Going by the name Rosen, he emerged as a prominent racketeer in southwest Philadelphia and, as head of the 69th Street Gang, became involved in prostitution, extortion, labor racketeering and later in narcotics with Arnold Rothstein during the mid-1920s. Succeeding Max "Boo Hoo" Hoff as the city's chief bootlegger during Prohibition, he was a member of the "Big Seven" aligned with the Philadelphia faction along with Waxey Gordon and Irving Blitz, later attending the Atlantic City Conference.

During the 1930s, he and Meyer Lansky worked on expanding drug trafficking operations in Mexico as an alternative to older routes such as Japan now closed with the United States' entry into World War II. By 1939, a lucrative heroin network had been established from drug traffickers based in Mexico City to major cities across the United States including New York, Philadelphia, Miami, and Los Angeles, as well as Havana, Cuba.

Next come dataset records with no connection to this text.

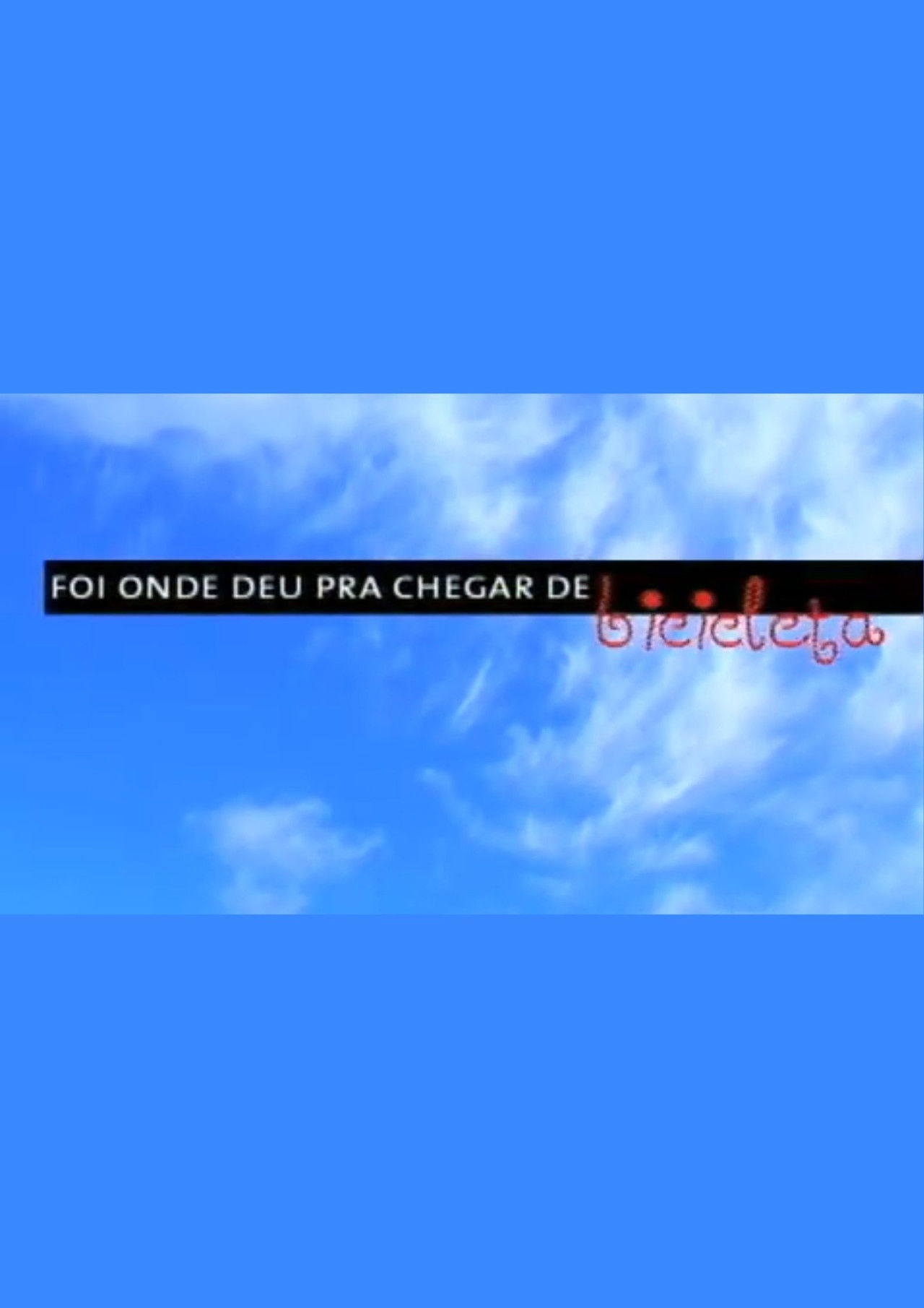 Foi Onde Deu Pra Chegar de Bicicleta Backdrop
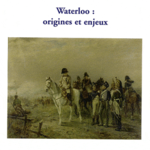 Waterloo, origines et enjeux La Cliothèque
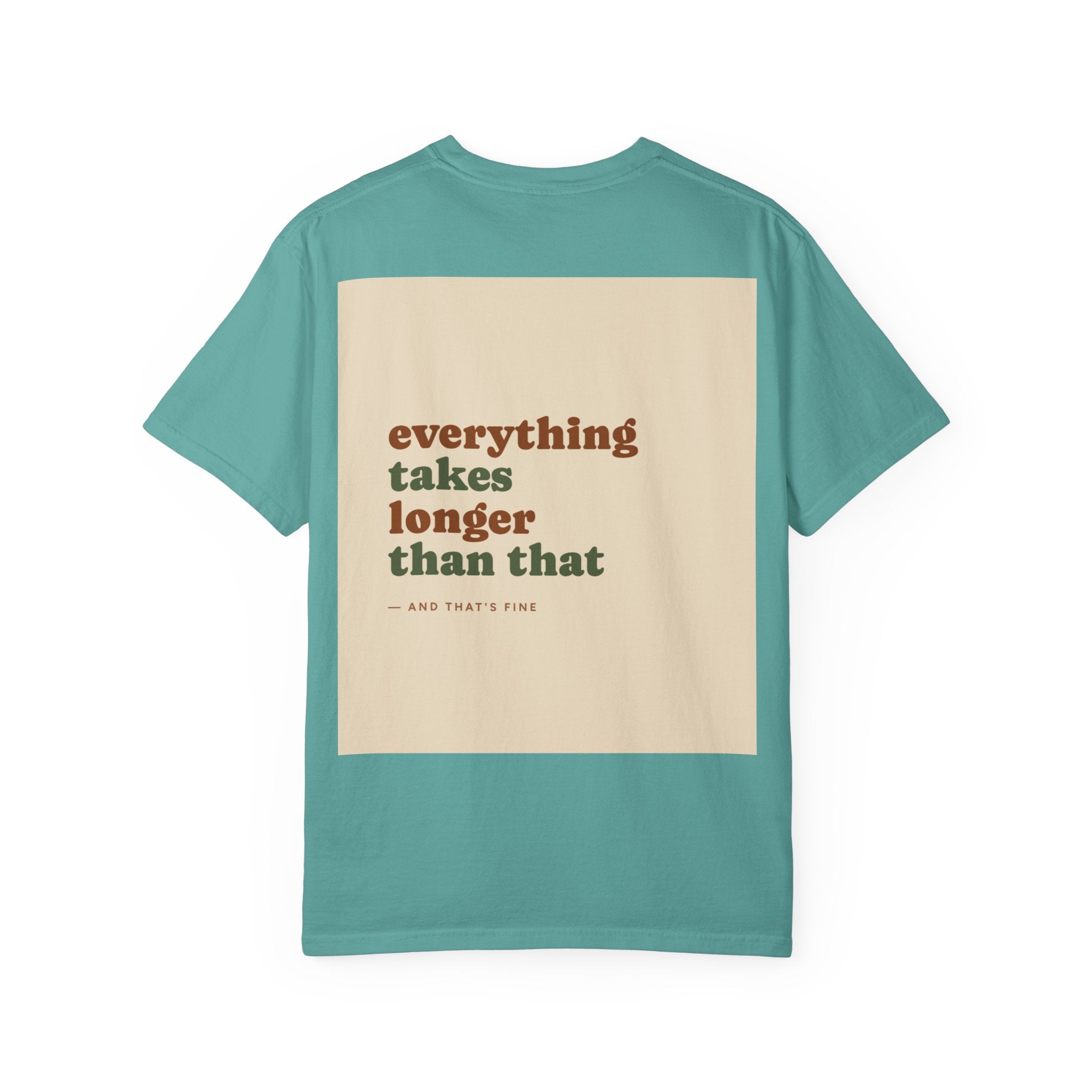 Everything Takes Longer Than That Tee — Relaxed Retro Quote T-Shirt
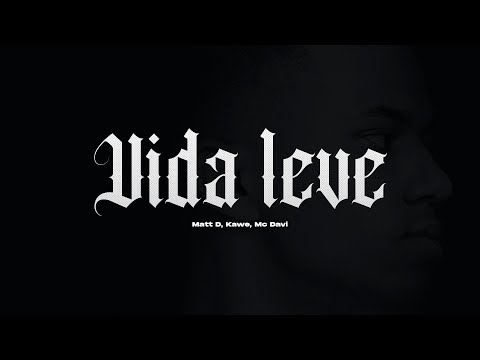 DJ Matt D, Kawe, Mc Davi - Vida Leve (Visualizer)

He and his lieutenant, driver and bodyguard Willie Weisberg, were named as dominant racketeers involved in the numbers racket under testimony from police superintendent George F. Richardson during the Kefauver Committee in 1951.

During the early 1950s, Rosen became partners with Gaetano "Tommy" Lucchese after buying the Sweet Valley Improvement Company which was used by the Lucchese crime family to ship clothing out of New York's garment district.